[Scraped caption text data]
┄┄┄┄┄┄┄┄┄┄

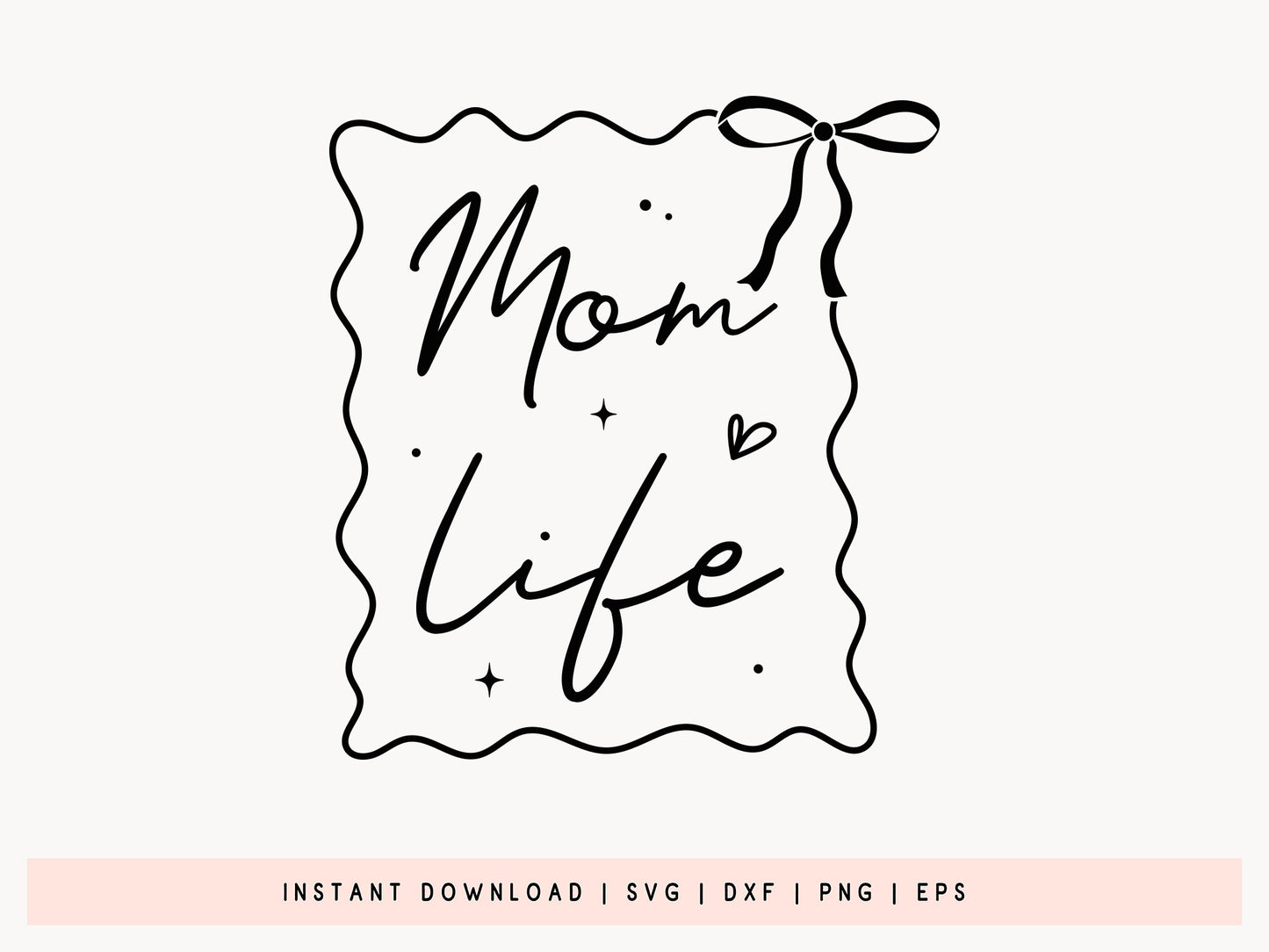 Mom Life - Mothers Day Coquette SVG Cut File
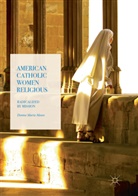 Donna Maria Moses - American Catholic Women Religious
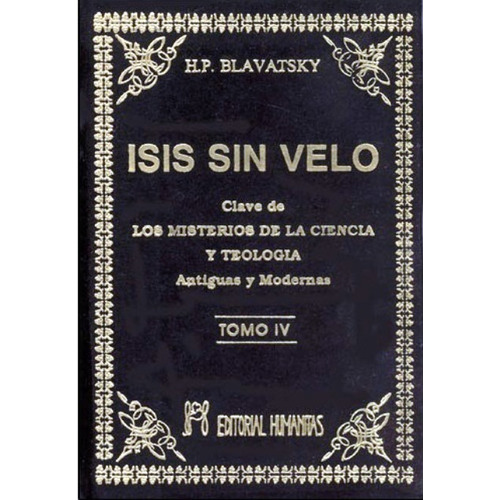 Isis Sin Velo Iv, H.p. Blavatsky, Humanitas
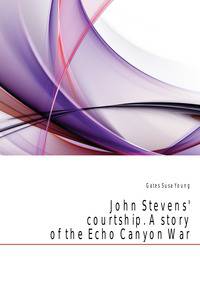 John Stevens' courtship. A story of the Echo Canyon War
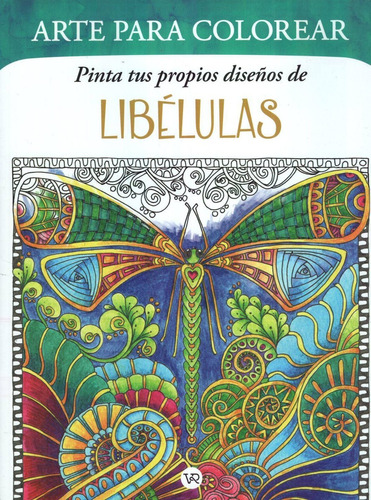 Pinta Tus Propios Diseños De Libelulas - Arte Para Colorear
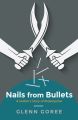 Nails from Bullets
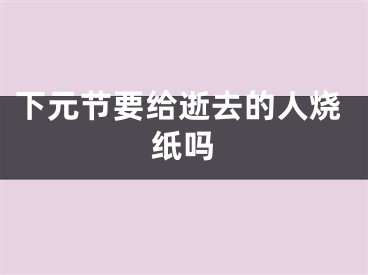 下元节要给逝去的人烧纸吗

┄┄┄┄┄┄┄┄┄┄

■ **Requirement**
The expected output is every entry above, character for character, with no pictures.

■ **Exercise result**
 Mom Life - Mothers Day Coquette SVG Cut File
 Donna Maria Moses - American Catholic Women Religious
 Isis Sin Velo Iv, H.p. Blavatsky, Humanitas
 John Stevens' courtship. A story of the Echo Canyon War
 Pinta Tus Propios Diseños De Libelulas - Arte Para Colorear
 Nails from Bullets
 下元节要给逝去的人烧纸吗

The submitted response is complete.